Roughly, the plan is to have (C++20?) a set of tools:

  • std::scope_exit
  • std::scope_success
  • std::scope_fail

scope_exit is meant to be a general-purpose scope guard that calls its exit function when a scope is exited. The class templates scope_fail and scope_success share the scope_exit’s interface, only the situation when the exit function is called differs.
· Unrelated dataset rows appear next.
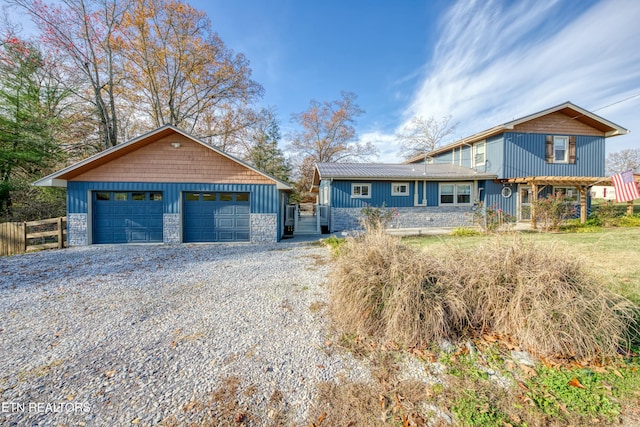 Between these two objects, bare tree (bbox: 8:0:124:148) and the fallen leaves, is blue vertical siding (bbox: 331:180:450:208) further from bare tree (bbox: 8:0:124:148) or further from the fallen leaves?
bare tree (bbox: 8:0:124:148)

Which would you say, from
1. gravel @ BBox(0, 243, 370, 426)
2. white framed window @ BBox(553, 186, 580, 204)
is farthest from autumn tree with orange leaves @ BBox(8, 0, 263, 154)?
white framed window @ BBox(553, 186, 580, 204)

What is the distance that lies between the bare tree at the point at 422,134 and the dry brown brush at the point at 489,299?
1084 inches

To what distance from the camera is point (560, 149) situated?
14195 mm

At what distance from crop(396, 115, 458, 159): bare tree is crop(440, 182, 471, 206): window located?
51.1ft

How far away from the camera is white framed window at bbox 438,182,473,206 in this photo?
13578 mm

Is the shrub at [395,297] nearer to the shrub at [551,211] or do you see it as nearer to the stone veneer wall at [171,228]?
the stone veneer wall at [171,228]

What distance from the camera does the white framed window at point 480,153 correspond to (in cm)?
1468

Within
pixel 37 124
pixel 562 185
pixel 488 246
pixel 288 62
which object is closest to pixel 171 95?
pixel 37 124

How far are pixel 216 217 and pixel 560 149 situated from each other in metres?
18.9

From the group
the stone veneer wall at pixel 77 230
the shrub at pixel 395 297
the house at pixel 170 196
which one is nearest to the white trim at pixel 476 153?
the house at pixel 170 196

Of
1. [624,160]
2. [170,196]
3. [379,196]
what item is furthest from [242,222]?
[624,160]

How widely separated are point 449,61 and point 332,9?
18.5 ft

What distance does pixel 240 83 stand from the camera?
19297 millimetres

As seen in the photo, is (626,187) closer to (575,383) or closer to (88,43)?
(575,383) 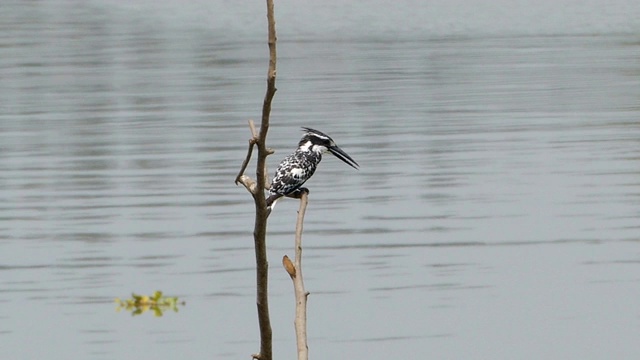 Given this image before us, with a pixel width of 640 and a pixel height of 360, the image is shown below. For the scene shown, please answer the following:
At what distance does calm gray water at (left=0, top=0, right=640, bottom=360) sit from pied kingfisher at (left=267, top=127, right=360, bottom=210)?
3.17 m

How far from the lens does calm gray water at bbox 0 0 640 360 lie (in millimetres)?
9266

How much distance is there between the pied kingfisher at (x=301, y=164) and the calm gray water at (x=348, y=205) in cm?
317

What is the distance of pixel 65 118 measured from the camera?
20.2m

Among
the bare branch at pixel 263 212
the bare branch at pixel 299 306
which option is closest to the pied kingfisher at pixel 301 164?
the bare branch at pixel 299 306

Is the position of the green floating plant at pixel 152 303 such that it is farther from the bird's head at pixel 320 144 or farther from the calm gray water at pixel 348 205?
the calm gray water at pixel 348 205

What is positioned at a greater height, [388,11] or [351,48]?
[388,11]

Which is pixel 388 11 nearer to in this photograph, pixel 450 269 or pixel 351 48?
pixel 351 48

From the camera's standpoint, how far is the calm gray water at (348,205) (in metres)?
9.27

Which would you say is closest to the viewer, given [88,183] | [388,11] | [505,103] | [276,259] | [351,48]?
[276,259]

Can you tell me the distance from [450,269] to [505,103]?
30.8ft

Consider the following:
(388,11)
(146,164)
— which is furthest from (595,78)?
(388,11)

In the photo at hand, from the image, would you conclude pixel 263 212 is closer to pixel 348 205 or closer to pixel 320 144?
pixel 320 144

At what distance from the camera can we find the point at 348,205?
1311 centimetres

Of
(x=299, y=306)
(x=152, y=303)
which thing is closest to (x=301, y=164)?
(x=152, y=303) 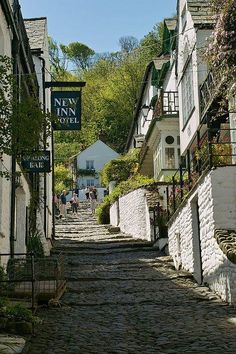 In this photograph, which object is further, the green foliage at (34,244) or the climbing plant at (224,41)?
the green foliage at (34,244)

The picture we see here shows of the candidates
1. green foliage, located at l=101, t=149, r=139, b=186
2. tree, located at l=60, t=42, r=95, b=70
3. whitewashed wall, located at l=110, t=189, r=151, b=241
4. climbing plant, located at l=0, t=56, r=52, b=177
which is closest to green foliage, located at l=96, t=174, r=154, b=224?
whitewashed wall, located at l=110, t=189, r=151, b=241

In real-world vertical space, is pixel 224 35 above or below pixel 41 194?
above

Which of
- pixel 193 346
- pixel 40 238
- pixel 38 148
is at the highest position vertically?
pixel 38 148

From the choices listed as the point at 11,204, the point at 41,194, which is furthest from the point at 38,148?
the point at 41,194

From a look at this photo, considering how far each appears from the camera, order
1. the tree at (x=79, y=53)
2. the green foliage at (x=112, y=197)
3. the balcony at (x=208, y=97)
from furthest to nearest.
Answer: the tree at (x=79, y=53) < the green foliage at (x=112, y=197) < the balcony at (x=208, y=97)

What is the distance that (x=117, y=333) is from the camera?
8938mm

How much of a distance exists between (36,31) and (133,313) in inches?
636

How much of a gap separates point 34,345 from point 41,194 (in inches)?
546

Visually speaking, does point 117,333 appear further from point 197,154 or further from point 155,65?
point 155,65

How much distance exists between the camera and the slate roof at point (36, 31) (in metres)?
23.0

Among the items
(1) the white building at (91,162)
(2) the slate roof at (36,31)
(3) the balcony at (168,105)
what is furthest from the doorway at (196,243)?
(1) the white building at (91,162)

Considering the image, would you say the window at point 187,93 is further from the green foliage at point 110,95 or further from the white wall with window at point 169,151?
the green foliage at point 110,95

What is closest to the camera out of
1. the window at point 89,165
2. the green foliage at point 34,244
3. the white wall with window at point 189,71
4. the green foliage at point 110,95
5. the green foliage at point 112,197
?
the green foliage at point 34,244

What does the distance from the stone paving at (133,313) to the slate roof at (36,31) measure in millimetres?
8896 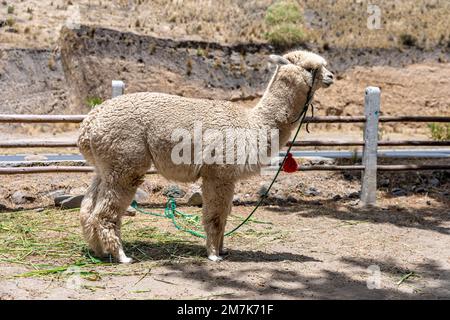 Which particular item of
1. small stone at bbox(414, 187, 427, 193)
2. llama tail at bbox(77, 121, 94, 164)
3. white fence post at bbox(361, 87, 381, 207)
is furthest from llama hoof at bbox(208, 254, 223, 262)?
small stone at bbox(414, 187, 427, 193)

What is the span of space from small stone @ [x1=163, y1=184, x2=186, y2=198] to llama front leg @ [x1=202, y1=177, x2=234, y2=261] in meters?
3.42

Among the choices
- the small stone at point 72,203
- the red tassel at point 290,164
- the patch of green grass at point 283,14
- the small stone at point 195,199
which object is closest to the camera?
the red tassel at point 290,164

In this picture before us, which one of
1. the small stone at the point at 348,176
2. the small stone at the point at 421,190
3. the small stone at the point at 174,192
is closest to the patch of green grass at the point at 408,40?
the small stone at the point at 348,176

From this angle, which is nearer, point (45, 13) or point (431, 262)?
point (431, 262)

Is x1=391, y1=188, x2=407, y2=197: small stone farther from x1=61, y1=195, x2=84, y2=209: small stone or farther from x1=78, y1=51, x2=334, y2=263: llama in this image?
x1=61, y1=195, x2=84, y2=209: small stone

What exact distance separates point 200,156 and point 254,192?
160 inches

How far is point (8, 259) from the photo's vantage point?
5707 millimetres

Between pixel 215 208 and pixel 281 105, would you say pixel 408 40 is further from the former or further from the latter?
pixel 215 208

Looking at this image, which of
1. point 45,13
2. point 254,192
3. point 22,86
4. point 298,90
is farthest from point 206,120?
point 45,13

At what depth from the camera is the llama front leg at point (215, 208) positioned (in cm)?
577

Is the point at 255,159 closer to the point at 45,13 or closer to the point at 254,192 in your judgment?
the point at 254,192

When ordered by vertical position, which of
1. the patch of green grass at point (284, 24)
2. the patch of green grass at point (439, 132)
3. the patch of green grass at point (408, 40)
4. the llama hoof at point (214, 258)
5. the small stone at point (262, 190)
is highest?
the patch of green grass at point (284, 24)

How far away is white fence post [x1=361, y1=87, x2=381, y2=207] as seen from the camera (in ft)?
29.6

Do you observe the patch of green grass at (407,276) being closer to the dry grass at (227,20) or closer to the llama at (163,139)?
the llama at (163,139) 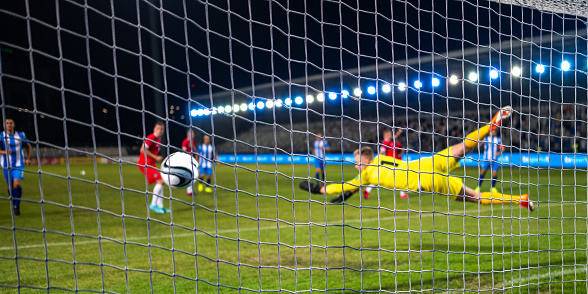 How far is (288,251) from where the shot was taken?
16.8ft

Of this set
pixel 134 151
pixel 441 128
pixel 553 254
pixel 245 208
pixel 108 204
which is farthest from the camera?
pixel 134 151

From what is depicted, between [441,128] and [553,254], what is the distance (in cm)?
2036

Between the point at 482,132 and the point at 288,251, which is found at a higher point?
the point at 482,132

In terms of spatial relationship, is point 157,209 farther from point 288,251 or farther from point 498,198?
point 498,198

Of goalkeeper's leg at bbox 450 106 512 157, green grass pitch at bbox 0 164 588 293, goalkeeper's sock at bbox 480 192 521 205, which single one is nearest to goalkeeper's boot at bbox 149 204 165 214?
green grass pitch at bbox 0 164 588 293

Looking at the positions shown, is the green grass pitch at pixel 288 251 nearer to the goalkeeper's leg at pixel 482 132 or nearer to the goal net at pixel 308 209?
the goal net at pixel 308 209

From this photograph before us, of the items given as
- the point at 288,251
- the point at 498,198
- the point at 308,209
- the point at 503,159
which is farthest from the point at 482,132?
the point at 503,159

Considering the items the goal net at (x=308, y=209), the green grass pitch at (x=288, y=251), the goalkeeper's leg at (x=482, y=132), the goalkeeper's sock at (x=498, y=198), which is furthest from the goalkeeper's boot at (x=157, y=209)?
the goalkeeper's sock at (x=498, y=198)

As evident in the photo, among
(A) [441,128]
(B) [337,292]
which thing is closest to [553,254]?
(B) [337,292]

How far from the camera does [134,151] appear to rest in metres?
41.7

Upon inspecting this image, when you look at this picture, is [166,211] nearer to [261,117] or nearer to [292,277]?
[292,277]

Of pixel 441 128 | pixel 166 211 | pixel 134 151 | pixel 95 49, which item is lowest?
pixel 166 211

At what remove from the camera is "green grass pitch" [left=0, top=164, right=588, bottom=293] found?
10.6 ft

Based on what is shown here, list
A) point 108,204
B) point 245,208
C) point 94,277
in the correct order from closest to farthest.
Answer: point 94,277 < point 245,208 < point 108,204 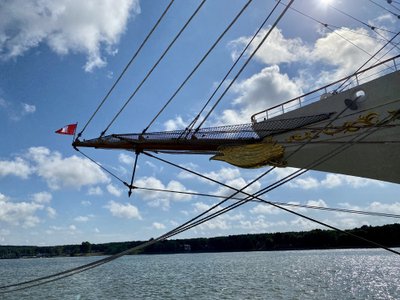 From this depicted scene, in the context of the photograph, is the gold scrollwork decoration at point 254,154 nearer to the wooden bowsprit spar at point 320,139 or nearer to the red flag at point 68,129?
the wooden bowsprit spar at point 320,139

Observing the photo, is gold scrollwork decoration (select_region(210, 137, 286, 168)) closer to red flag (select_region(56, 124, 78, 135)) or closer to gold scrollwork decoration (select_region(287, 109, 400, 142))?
gold scrollwork decoration (select_region(287, 109, 400, 142))

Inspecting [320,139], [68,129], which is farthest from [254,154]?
[68,129]

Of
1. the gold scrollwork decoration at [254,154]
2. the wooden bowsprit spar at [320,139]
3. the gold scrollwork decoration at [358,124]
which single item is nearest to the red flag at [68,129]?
the wooden bowsprit spar at [320,139]

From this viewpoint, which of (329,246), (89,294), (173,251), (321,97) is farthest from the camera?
(173,251)

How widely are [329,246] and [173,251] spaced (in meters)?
89.0

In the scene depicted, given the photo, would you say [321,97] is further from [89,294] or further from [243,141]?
[89,294]

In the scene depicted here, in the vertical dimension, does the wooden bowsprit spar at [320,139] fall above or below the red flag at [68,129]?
below

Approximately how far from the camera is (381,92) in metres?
7.64

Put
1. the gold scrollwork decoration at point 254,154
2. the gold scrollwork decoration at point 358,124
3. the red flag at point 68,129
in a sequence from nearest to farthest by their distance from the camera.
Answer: the gold scrollwork decoration at point 358,124 < the gold scrollwork decoration at point 254,154 < the red flag at point 68,129

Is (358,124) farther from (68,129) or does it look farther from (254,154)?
(68,129)

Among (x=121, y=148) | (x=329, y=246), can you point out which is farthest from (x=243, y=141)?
(x=329, y=246)

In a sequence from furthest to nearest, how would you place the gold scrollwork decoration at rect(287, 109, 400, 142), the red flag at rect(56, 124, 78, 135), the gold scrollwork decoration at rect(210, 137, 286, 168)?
the red flag at rect(56, 124, 78, 135) < the gold scrollwork decoration at rect(210, 137, 286, 168) < the gold scrollwork decoration at rect(287, 109, 400, 142)

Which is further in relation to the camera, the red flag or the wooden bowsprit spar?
the red flag

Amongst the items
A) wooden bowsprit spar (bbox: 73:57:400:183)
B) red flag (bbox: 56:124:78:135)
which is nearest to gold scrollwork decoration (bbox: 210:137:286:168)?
wooden bowsprit spar (bbox: 73:57:400:183) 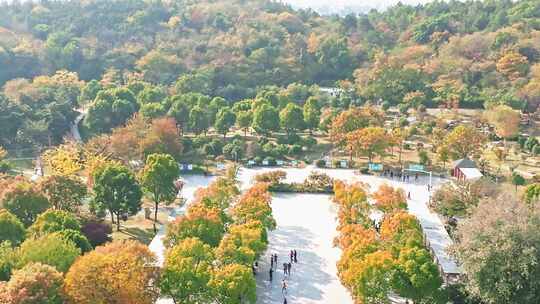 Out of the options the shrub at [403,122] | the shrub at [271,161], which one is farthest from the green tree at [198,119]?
the shrub at [403,122]

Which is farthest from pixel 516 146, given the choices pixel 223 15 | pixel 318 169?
pixel 223 15

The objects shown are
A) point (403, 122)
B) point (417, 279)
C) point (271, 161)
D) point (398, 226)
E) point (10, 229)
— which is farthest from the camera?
point (403, 122)

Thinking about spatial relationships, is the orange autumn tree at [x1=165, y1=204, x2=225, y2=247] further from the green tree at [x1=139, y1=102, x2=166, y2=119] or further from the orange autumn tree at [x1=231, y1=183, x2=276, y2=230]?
the green tree at [x1=139, y1=102, x2=166, y2=119]

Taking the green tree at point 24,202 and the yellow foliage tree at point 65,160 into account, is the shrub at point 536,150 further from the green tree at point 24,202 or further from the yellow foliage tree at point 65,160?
the green tree at point 24,202

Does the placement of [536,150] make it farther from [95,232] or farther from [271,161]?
[95,232]

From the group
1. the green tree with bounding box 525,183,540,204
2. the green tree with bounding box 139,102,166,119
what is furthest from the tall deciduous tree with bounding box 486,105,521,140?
the green tree with bounding box 139,102,166,119

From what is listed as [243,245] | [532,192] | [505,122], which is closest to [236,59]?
[505,122]

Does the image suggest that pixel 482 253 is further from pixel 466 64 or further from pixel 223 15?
pixel 223 15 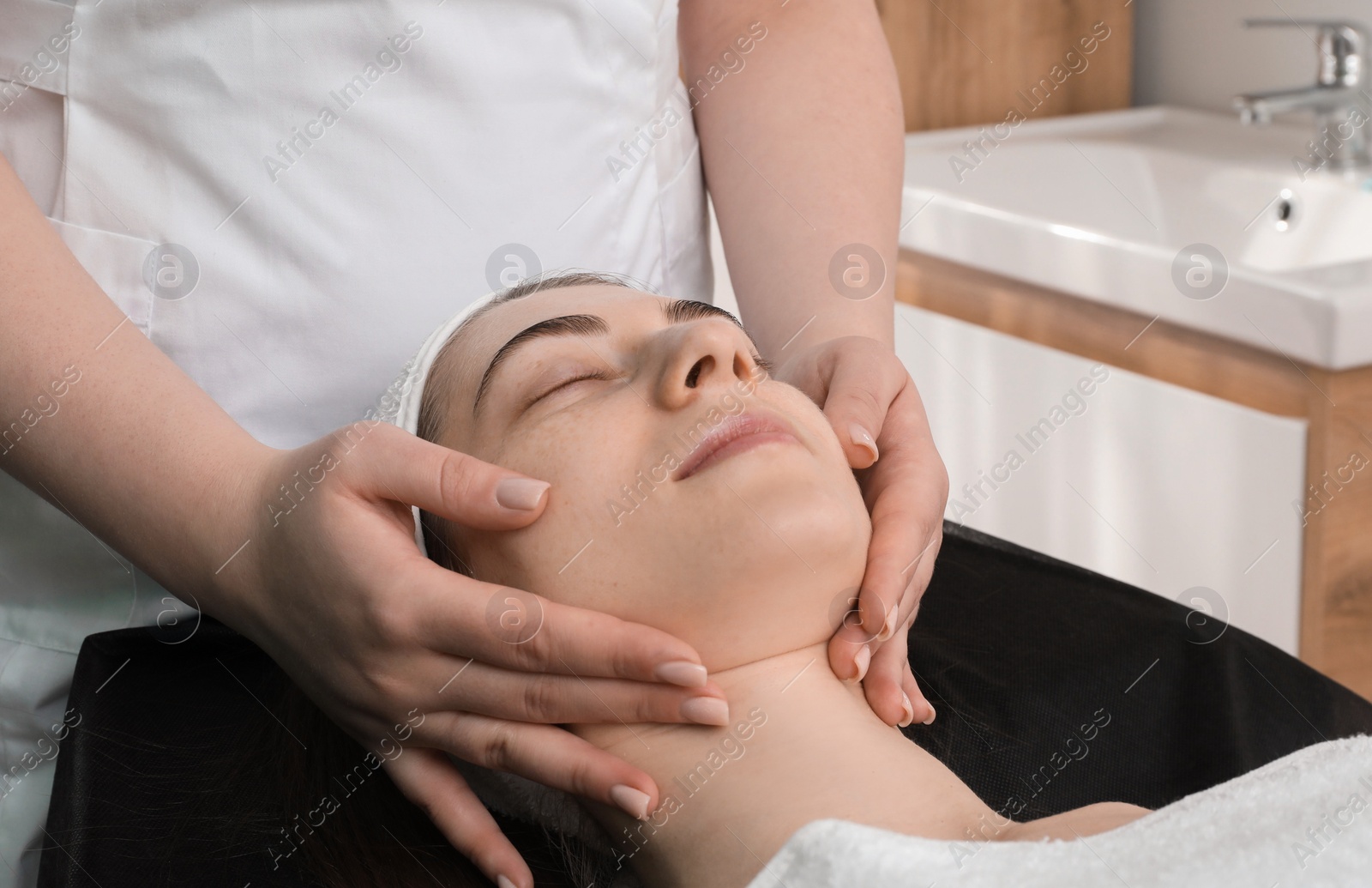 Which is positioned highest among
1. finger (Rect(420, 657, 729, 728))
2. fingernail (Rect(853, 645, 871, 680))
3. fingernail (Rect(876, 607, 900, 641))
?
finger (Rect(420, 657, 729, 728))

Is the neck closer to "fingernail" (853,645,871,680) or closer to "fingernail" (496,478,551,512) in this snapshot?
"fingernail" (853,645,871,680)

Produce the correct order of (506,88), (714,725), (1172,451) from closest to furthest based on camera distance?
(714,725) → (506,88) → (1172,451)

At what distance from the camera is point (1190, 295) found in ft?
5.82

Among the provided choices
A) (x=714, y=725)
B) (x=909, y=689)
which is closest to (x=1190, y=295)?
(x=909, y=689)

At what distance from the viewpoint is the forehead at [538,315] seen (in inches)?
39.6

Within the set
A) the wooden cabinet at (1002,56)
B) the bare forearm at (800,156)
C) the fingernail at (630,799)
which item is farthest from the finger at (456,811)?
the wooden cabinet at (1002,56)

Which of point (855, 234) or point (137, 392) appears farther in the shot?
point (855, 234)

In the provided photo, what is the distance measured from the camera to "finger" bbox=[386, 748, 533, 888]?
83 cm

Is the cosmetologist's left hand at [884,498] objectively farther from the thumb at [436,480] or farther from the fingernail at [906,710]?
the thumb at [436,480]

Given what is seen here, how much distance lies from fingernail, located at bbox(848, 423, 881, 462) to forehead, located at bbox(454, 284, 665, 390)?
185 millimetres

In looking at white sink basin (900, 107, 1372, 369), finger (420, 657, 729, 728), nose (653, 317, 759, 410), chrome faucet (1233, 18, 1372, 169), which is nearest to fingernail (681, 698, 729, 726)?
finger (420, 657, 729, 728)

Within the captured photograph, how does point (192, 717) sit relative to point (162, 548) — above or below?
below

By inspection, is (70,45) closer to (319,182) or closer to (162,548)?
(319,182)

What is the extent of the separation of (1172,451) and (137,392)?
1.57 m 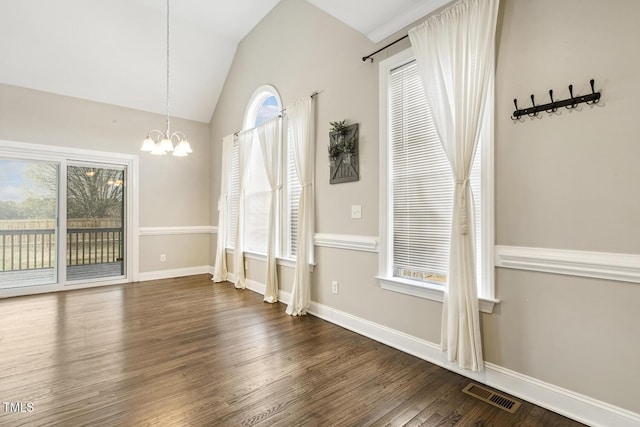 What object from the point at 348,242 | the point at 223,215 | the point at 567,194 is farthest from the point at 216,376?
the point at 223,215

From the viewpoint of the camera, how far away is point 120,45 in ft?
14.7

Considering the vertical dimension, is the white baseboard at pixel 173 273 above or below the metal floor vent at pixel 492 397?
above

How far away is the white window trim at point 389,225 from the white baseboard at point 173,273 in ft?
14.3

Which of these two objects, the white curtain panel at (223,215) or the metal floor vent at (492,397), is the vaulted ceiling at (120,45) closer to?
the white curtain panel at (223,215)

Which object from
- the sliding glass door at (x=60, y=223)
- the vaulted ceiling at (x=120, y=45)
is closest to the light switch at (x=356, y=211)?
the vaulted ceiling at (x=120, y=45)

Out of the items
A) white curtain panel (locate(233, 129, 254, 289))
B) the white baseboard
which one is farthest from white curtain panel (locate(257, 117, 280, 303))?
the white baseboard

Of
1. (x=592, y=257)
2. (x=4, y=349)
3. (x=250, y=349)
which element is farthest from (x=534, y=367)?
(x=4, y=349)

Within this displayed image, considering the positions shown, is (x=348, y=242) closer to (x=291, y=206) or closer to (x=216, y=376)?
(x=291, y=206)

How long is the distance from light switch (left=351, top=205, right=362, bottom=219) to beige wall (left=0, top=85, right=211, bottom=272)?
13.1ft

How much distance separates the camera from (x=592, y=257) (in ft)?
5.58

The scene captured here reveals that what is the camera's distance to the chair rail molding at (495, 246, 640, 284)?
1.60 m

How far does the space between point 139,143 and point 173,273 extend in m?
2.43

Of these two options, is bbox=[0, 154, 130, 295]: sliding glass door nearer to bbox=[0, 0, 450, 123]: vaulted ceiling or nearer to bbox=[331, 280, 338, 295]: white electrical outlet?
bbox=[0, 0, 450, 123]: vaulted ceiling

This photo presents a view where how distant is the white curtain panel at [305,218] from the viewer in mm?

These latter two class templates memorize the value of uncaught_exceptions() on construction and in the case of scope_fail call the exit function on destruction, then uncaught_exceptions() at that time returns a greater value, in the case of scope_success when uncaught_exceptions() on destruction returns the same or a lesser value.

this assumes uncaught_exceptions() returns int not just bool.

folly/ScopeGuard.h  

There’s already working code

folly/ScopeGuard.h - master

D Language  

In D we have built-in support for such structures:

scope(exit) removeExtraNodes();

see here for some examples Dlang: Exception Safety

Copy elision  

The existing code works now and doesn’t rely on Guaranteed Copy Elision that we’ll have in C++17. In order to support this they have to introduce that special bool parameter.

See discussion in Final_act copy/move semantics is wrong

Summary  

As it appears final_act is a simple utility that should work well in case where your exit code doesn’t throw exceptions (and also doesn’t throw from copy/move constructors!). Still, if you need some more advanced solutions you might want to wait for general std::scope_exit/_success/_fail utilities.

One of the most important use case is whenever we need transactional approach with some actions. When we require to call some clean-up code after it succeeded or failed.

Meta-blogging-opinion: The beauty of blogging is that often you write about one topic and you unravel (for yourself) a whole new areas. That way blogging is a great way of learning things!

BTW: as a homework you can write a macro FINALLY that wraps the creation of the auto variable and makes sure we have a different name for that variable - so that you might have several final blocks in a function/scope.